Task details:
Write out the listing below in full and exactly, leaving out every picture.

Recorded data:
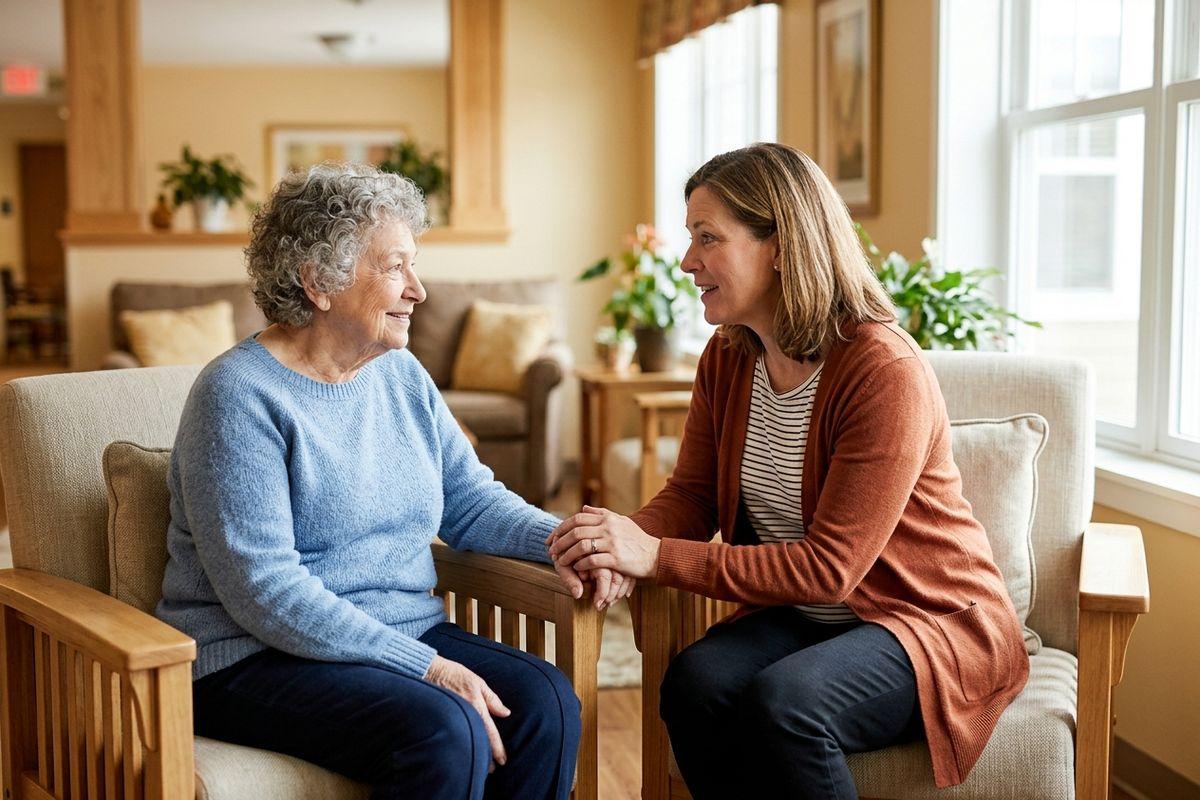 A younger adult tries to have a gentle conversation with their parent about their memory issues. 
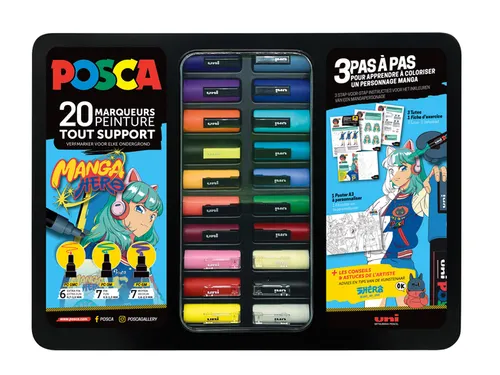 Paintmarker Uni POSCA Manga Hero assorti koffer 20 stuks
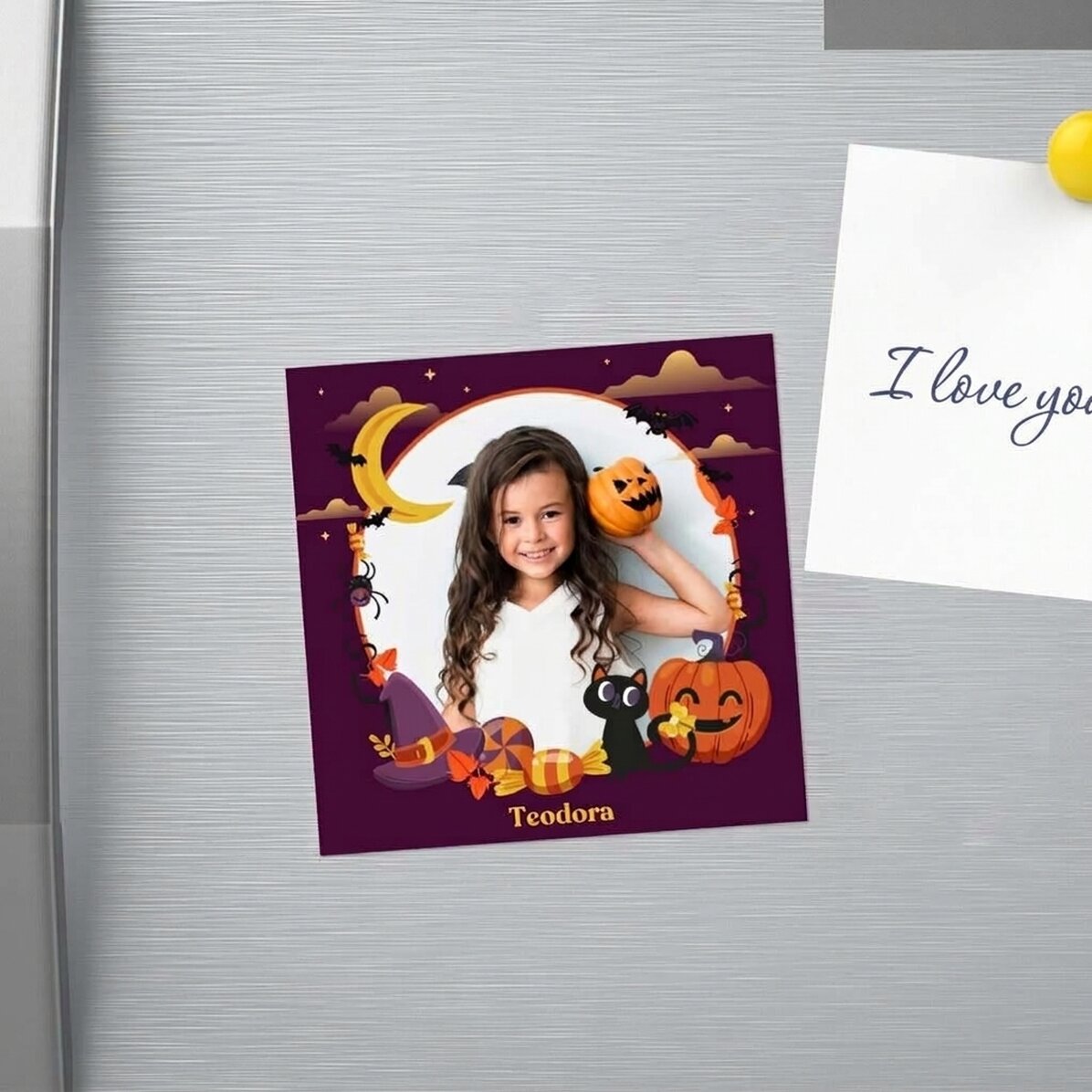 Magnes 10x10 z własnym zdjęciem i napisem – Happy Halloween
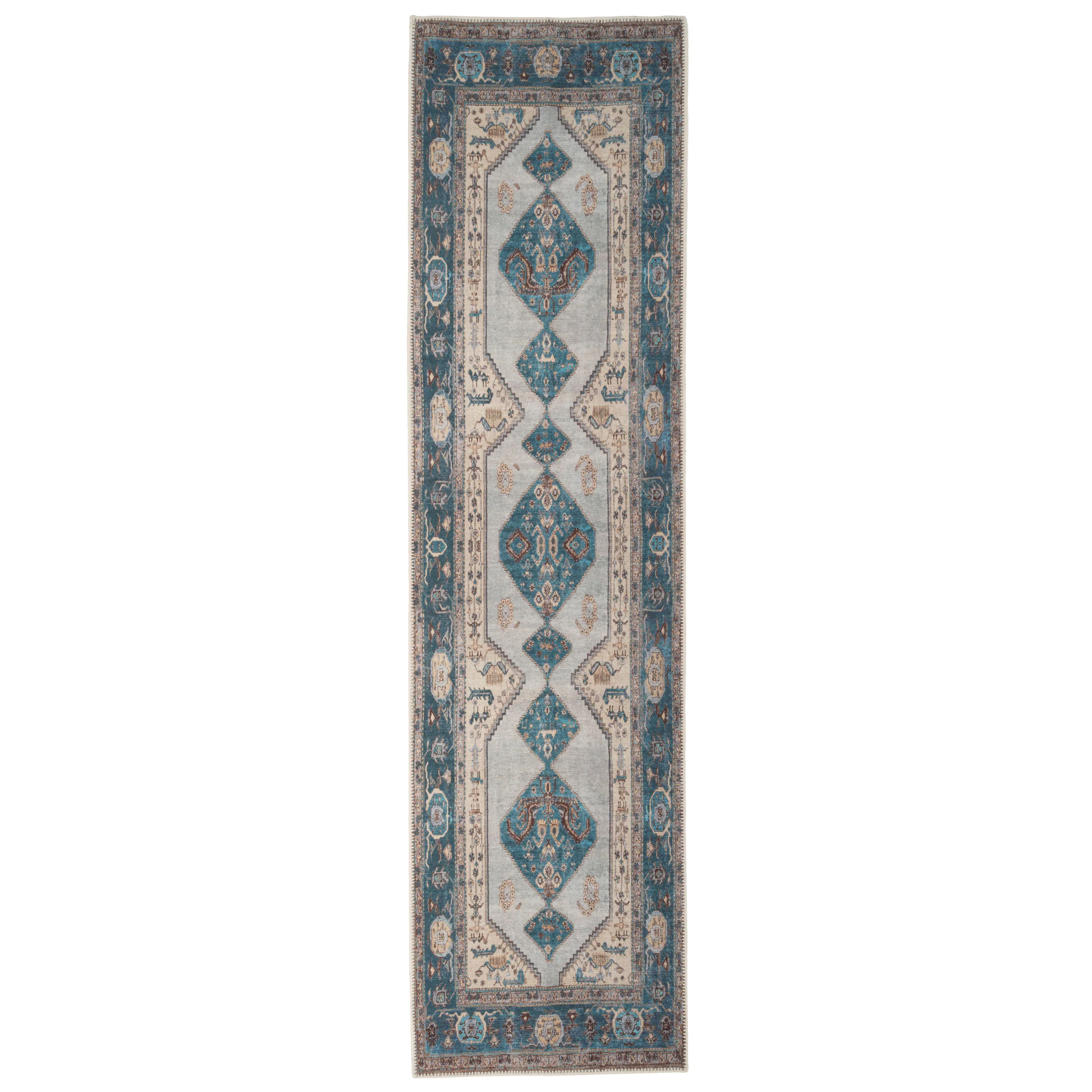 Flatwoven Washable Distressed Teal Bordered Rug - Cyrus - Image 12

Output of the exercise:
 A younger adult tries to have a gentle conversation with their parent about their memory issues. 
 Paintmarker Uni POSCA Manga Hero assorti koffer 20 stuks
 Magnes 10x10 z własnym zdjęciem i napisem – Happy Halloween
 Flatwoven Washable Distressed Teal Bordered Rug - Cyrus - Image 12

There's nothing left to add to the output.